ATI RN
ATI Pathophysiology Test Bank
1. A 5-year-old female takes a hike through the woods during a school field trip. Upon returning home, she hugs her father, and he later develops poison ivy. Which of the following immune reactions is he experiencing?
- A. IgE-mediated
- B. Tissue-specific
- C. Immune complex
- D. Cell-mediated
Correct answer: D
Rationale: The father's immune reaction to poison ivy is an example of cell-mediated immunity, specifically a type IV hypersensitivity reaction. In this type of reaction, sensitized T cells react to antigens, leading to inflammation and tissue damage. IgE-mediated reactions involve antibodies of the IgE class, commonly seen in allergic responses like anaphylaxis. Tissue-specific reactions target specific organs or tissues. Immune complex reactions involve immune complexes formed by antigens and antibodies that can deposit in tissues, leading to inflammation.
2. When educating a patient starting on oral contraceptives, what should the nurse include regarding the medication's effectiveness?
- A. Oral contraceptives are 100% effective when taken correctly.
- B. Oral contraceptives are effective immediately after starting.
- C. Oral contraceptives are less effective if taken with antibiotics.
- D. Oral contraceptives are less effective if taken with food.
Correct answer: C
Rationale: The correct answer is C. Oral contraceptives can be less effective when taken with certain antibiotics as they may interfere with the contraceptive's efficacy, potentially leading to decreased effectiveness. Therefore, patients should be advised to use additional contraception methods if they are also taking antibiotics. Choice A is incorrect because while oral contraceptives are highly effective, they are not 100% foolproof. Choice B is incorrect as oral contraceptives may take some time to reach their full effectiveness after starting. Choice D is incorrect since taking oral contraceptives with food does not necessarily impact their effectiveness.
3. The unique clinical presentation of a 3-month-old infant in the emergency department leads the care team to suspect botulism. Which assessment question posed to the parents is likely to be most useful in the differential diagnosis?
- A. Have you ever given your child any honey or honey-containing products?
- B. Is there any family history of neuromuscular diseases?
- C. Has your baby ever been directly exposed to any chemical cleaning products?
- D. Is there any mold in your home that you know of?
Correct answer: A
Rationale: The correct answer is A. Botulism in infants is often linked to honey consumption. Asking the parents if they have ever given their child any honey or honey-containing products can provide crucial information for the differential diagnosis. This is important because infant botulism is commonly associated with the ingestion of honey contaminated with Clostridium botulinum spores. Choices B, C, and D are less relevant to botulism in infants as they do not directly relate to the typical causes of the condition. Family history of neuromuscular diseases (choice B) may be important for other conditions but not specifically for infant botulism. Direct exposure to chemical cleaning products (choice C) and the presence of mold in the home (choice D) are not typical risk factors for infant botulism.

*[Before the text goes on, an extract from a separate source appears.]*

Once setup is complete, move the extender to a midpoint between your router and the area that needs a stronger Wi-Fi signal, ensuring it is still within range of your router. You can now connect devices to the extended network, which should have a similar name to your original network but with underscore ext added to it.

4. Which clients are at highest risk for pneumonia?
- A. Those in their 20s and 30s and generally healthy
- B. Those who exercise regularly and are not exposed to pathogens
- C. Those who are hospitalized and immunocompromised
- D. Those who have adequate respiratory function
Correct answer: C
Rationale: Clients who are hospitalized and immunocompromised are at the highest risk for pneumonia due to their weakened immune systems. Choice A is incorrect as young and healthy individuals typically have stronger immune systems. Choice B is incorrect because regular exercise can actually boost the immune system and reduce the risk of infections. Choice D is incorrect as having adequate respiratory function does not necessarily correlate with the risk of developing pneumonia.

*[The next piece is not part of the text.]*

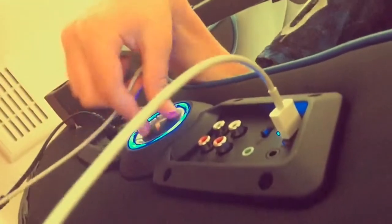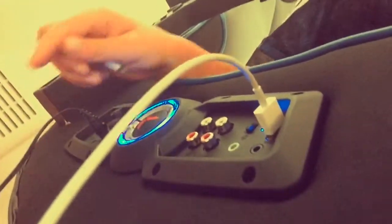You can turn your sound up and down, and you can also turn the vibration up and down — hopefully you can see that. You can turn the volume down and up, and you can plug this into your Xbox and just sit there all day.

5. A patient with a history of breast cancer is being prescribed tamoxifen (Nolvadex). What should the nurse include in the patient education?

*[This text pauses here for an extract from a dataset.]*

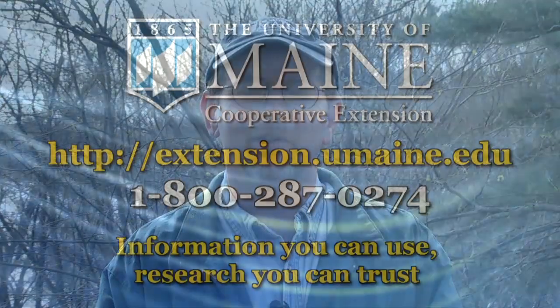With a better understanding of how to harvest ostrich fern fiddleheads, we should be able to enjoy this spring treat for many generations to come.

- A. Tamoxifen may increase the risk of venous thromboembolism.
- B. Tamoxifen may decrease the risk of osteoporosis.
- C. Tamoxifen may cause hot flashes and other menopausal symptoms.
- D. Tamoxifen may cause weight gain and fluid retention.
Correct answer: A
Rationale: The correct answer is A. Tamoxifen increases the risk of venous thromboembolism. Patients should be educated about signs and symptoms of blood clots, such as swelling, pain, or redness in the legs. Choices B, C, and D are incorrect because tamoxifen is not associated with decreasing the risk of osteoporosis, causing hot flashes and menopausal symptoms, or causing weight gain and fluid retention.